Corte Interamericana
O
Centro pela Justiça e o Direito Internacional (Cejil) encaminhou em julho de
2009 uma petição sobre o caso Vladimir Herzog para a Comissão Interamericana de
Direitos Humanos (CIDH). Em janeiro daquele ano, a Justiça Federal brasileira
acolheu o pedido de arquivamento do caso e defendeu que os crimes praticados
pelos agentes da ditadura militar estariam prescritos.
Em
outubro de 2015, a comissão concluiu em relatório que o Estado brasileiro é
“responsável pelas violações aos direitos à vida, à liberdade e à integridade
pessoal de Herzog e também pela privação de seus direitos à liberdade de
expressão e de associação por razões políticas”. No texto, a comissão
recomendou ao Estado brasileiro a investigação da tortura e morte de Herzog e a
identificação dos responsáveis. Em abril de 2016, a CIDH apresentou o caso à
Corte Interamericana de Direitos Humanos, devido ao descumprimento das
recomendações feitas pela comissão por parte do Estado brasileiro.
Herzog
Diretor
do telejornal Hora da Notícia, veiculado pela TV Cultura de São Paulo, Vladimir
Herzog foi morto sob tortura pelos militares após ser detido nas dependências
do Destacamento de Operações de Informações – Centro de Operações de Defesa
Interna (DOI/CODI). Ele deixou a esposa Clarice, com os dois filhos do casal,
Ivo e André, na época com 9 e 7 anos, respectivamente.
A
comoção causada pelo assassinato do jornalista, no dia 25 de outubro de 1975,
reaglutinou diversos setores da sociedade e provocou a primeira reação popular
contra os excessos do regime militar.
Seis
dias após sua morte, um ato ecumênico realizado na Catedral da Sé foi celebrado
pelo cardeal dom Paulo Evaristo Arns, pelo rabino Henry Sobel e pelo pastor
James Wright. O evento reuniu milhares de pessoas que enfrentaram o cerco
militar para homenagear o jornalista, em um protesto contra a ditadura militar.
Circunstâncias da morte
Divulgada
como suicídio em comunicado do II Exército com a utilização de uma foto forjada
na ocasião, a circunstância da morte de Vladimir Herzog - também mantida pelo
Inquérito Policial Militar (IPM) realizado naquele ano - foi desmontada.
Com
uma ação declaratória apresentada no ano seguinte à Justiça Federal em São
Paulo, Clarice Herzog conseguiu, em outubro de 1978, a condenação da União pela
prisão arbitrária, tortura e morte de Herzog.

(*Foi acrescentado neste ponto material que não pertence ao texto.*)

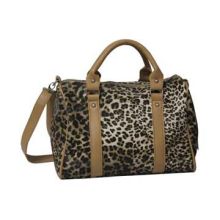 Handbag, Africa hot sale, cheaper price, leopardNew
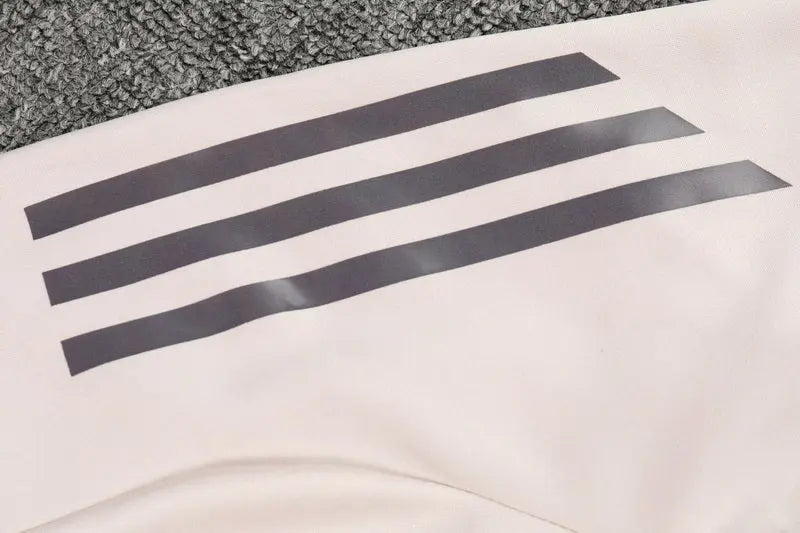 SURVÊTEMENTS REAL MADRID 2024/2025 - MODAFOOT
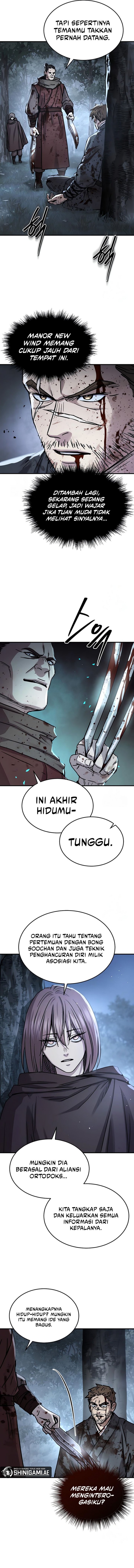 Absolute Dominion chapter 42
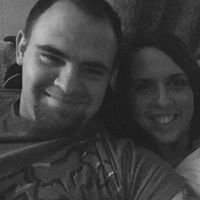 Stephen Naylor Photo 14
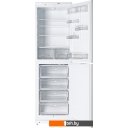 Холодильники ATLANT ХМ 6023-031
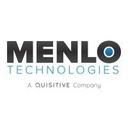 logo of Menlo Technologies Inc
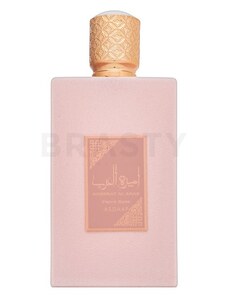 Asdaaf Ameerat Al Arab Prive Rose Eau de Parfum nőknek 100 ml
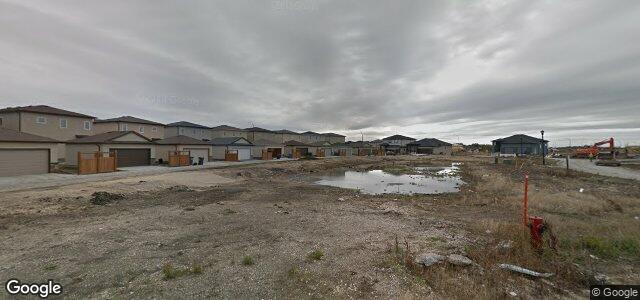 25 Camira Way ਦੀ ਫੋਟੋ, ਵਿਨੀਪਿਗ, ਮੈਨੀਟੋਬਾ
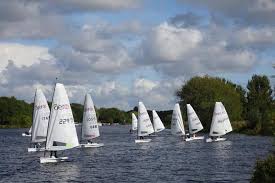 Image result for Nottingham Sailing Club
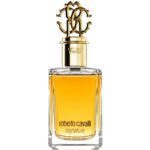 Roberto Cavalli Nero Assoluto Eau De Parfum 100ml - Image 2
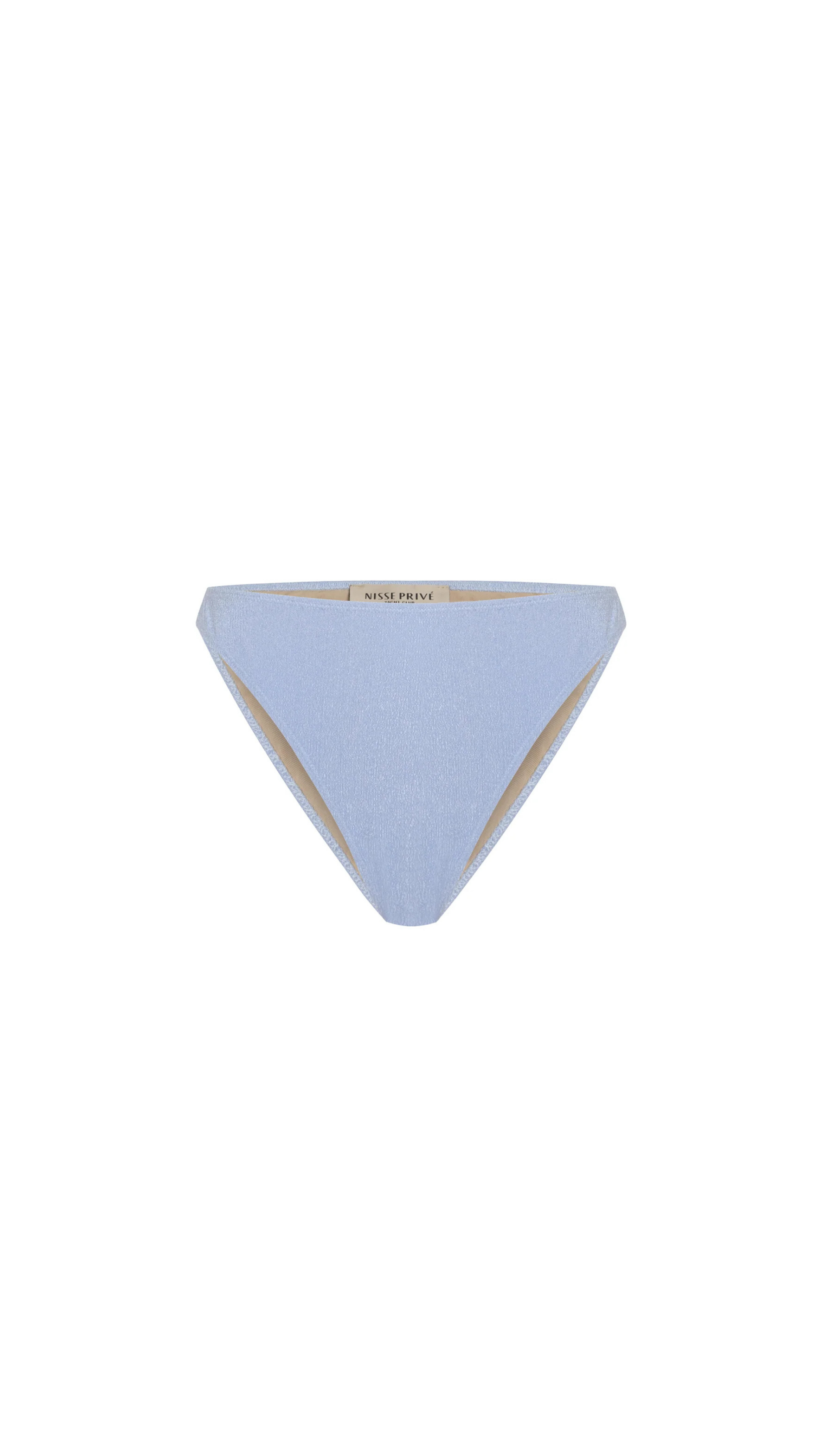 Kalea Bikini Altı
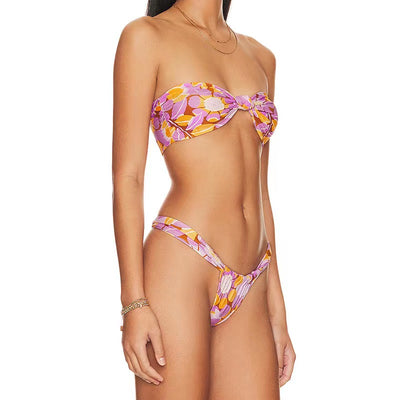 Look Like Pretty Bikini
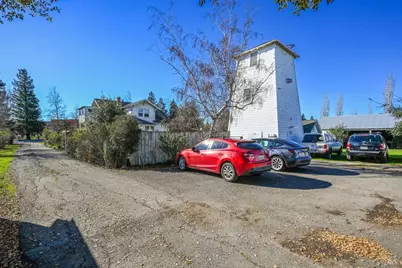 3957 Lakeville Highway, Petaluma, CA 94954 - Photo 16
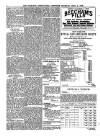 Barbados Agricultural Reporter Thursday 02 April 1903 Page 4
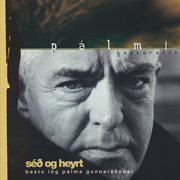Séð og heyrt cover image
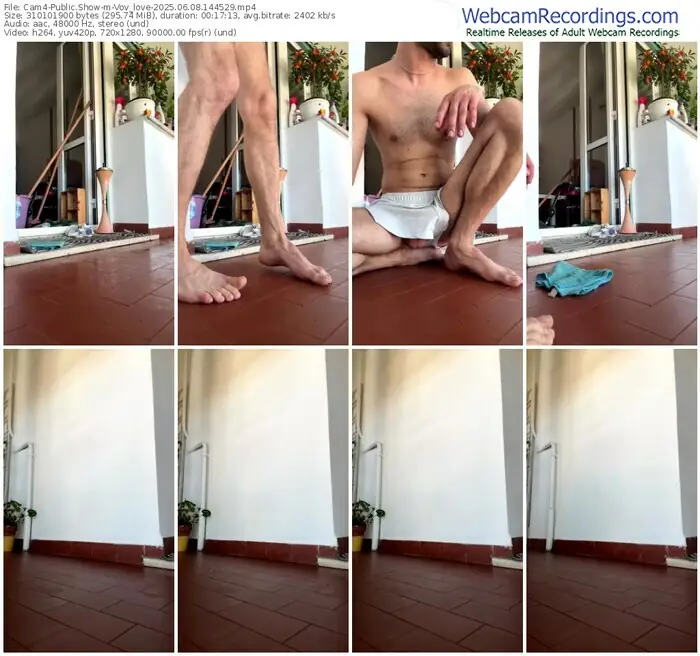 cam4-vov_love-06-08-2025-14-45-29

Na sentença, o juiz Márcio José
de Moraes declarou que o jornalista foi morto devido a graves torturas.
Em
2013, como parte dos trabalhos da Comissão Nacional da Verdade (CNV), a família
conseguiu a retificação do atestado de óbito no qual consta que a
morte do jornalista se deu em função de “lesões e maus tratos sofridos durante
os interrogatórios em dependência do II Exército (DOI-CODI)”.
O
relatório final da comissão afirma “não existir mais qualquer dúvida acerca das
circunstâncias da morte de Vladimir Herzog, detido ilegalmente, torturado e
assassinado por agentes do Estado nas dependências do DOI-CODI do II Exército,
em São Paulo, em outubro de 1975”
Biografia
Vlado
Herzog nasceu em Osijek na Iugoslávia em 27 de junho de 1937 e se mudou para o
Brasil com a família para fugir da perseguição aos judeus durante a Segunda
Guerra Mundial. Naturalizado brasileiro, mudou seu nome para Vladimir.
Se
formou em filosofia pela Universidade de São Paulo em 1959 e desde então
exerceu a atividade jornalística em diferentes veículos de imprensa. Iniciou
sua carreira como repórter do jornal O Estado de S. Paulo e ao longo da
carreira atuou como jornalista na revista Visão, na BBC e TV Cultura.
Já
durante a ditadura militar, se mudou para Londres em 1965 como contratado da
BBC. Retornou ao Brasil em 1968 onde trabalhou como editor da revista Visão.
Trabalhou na TV Cultura de São Paulo de 1972 até a data de sua morte.